🤖 AI Summary
This paper addresses the vulnerability of credit card fraud detection systems to adversarial attacks. We propose FRAUD-RLA, a black-box adversarial attack method with minimal knowledge requirements. Built upon the PPO reinforcement learning framework, FRAUD-RLA introduces a fraud-specific threat model featuring feature-space discretization, dynamic action masking, and multi-stage reward shaping—enabling effective exploration-exploitation trade-off under extremely low-knowledge assumptions (requiring access to <5% of original features). Evaluated on three real-world heterogeneous datasets and two mainstream fraud detection models, FRAUD-RLA achieves an average attack success rate of 89.7%, outperforming state-of-the-art methods by 12.3%. The results critically expose the security limitations of current fraud detection systems and establish a novel paradigm for robustness evaluation.
📝 Abstract
Adversarial attacks pose a significant threat to data-driven systems, and researchers have spent considerable resources studying them.
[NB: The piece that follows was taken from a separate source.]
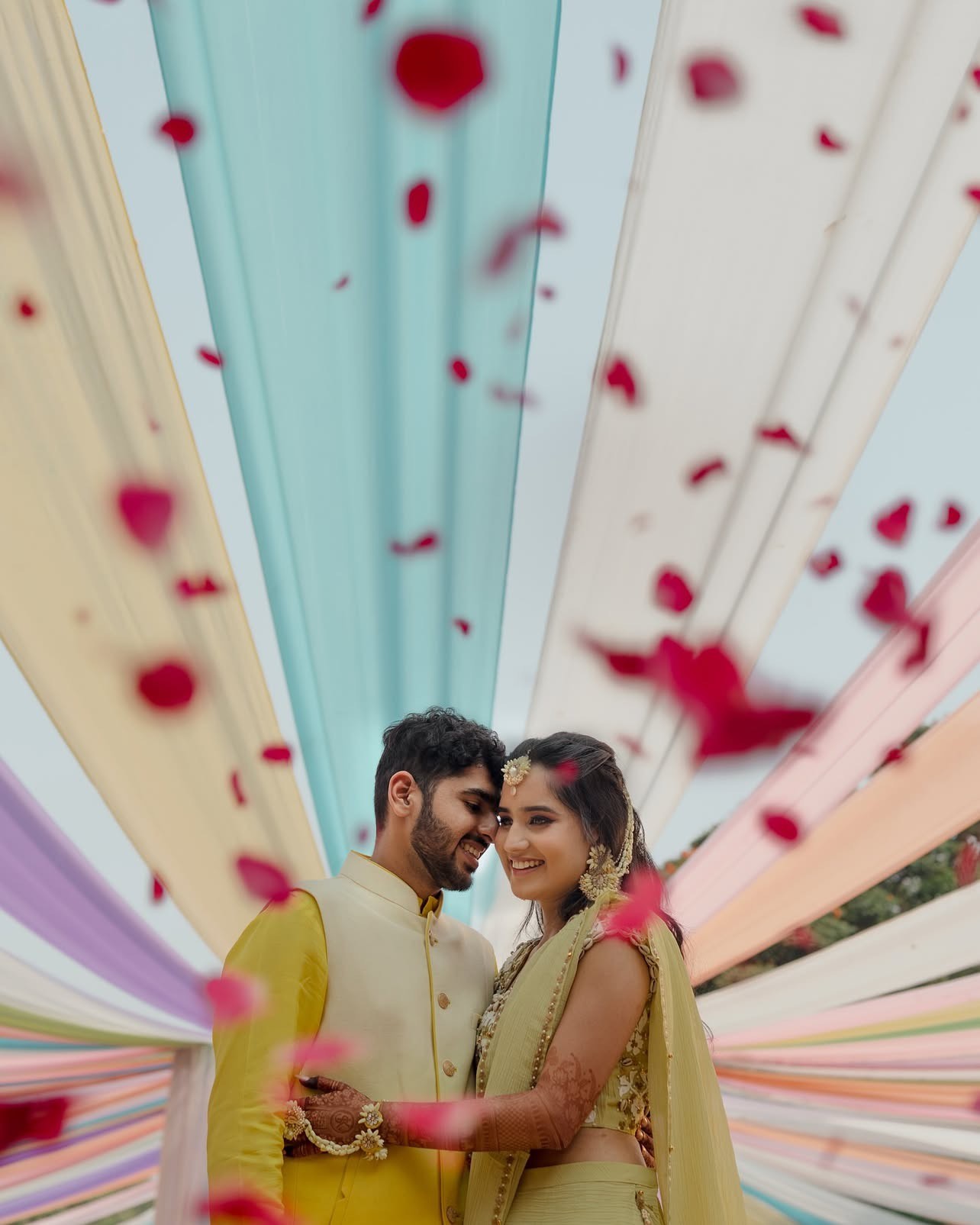 woman holding beige-petaled flower bouquet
Despite its economic relevance, this trend largely overlooked the issue of credit card fraud detection. To address this gap, we propose a new threat model that demonstrates the limitations of existing attacks and highlights the necessity to investigate new approaches. We then design a new adversarial attack for credit card fraud detection, employing reinforcement learning to bypass classifiers. This attack, called FRAUD-RLA, is designed to maximize the attacker's reward by optimizing the exploration-exploitation tradeoff and working with significantly less required knowledge than competitors. Our experiments, conducted on three different heterogeneous datasets and against two fraud detection systems, indicate that FRAUD-RLA is effective, even considering the severe limitations imposed by our threat model.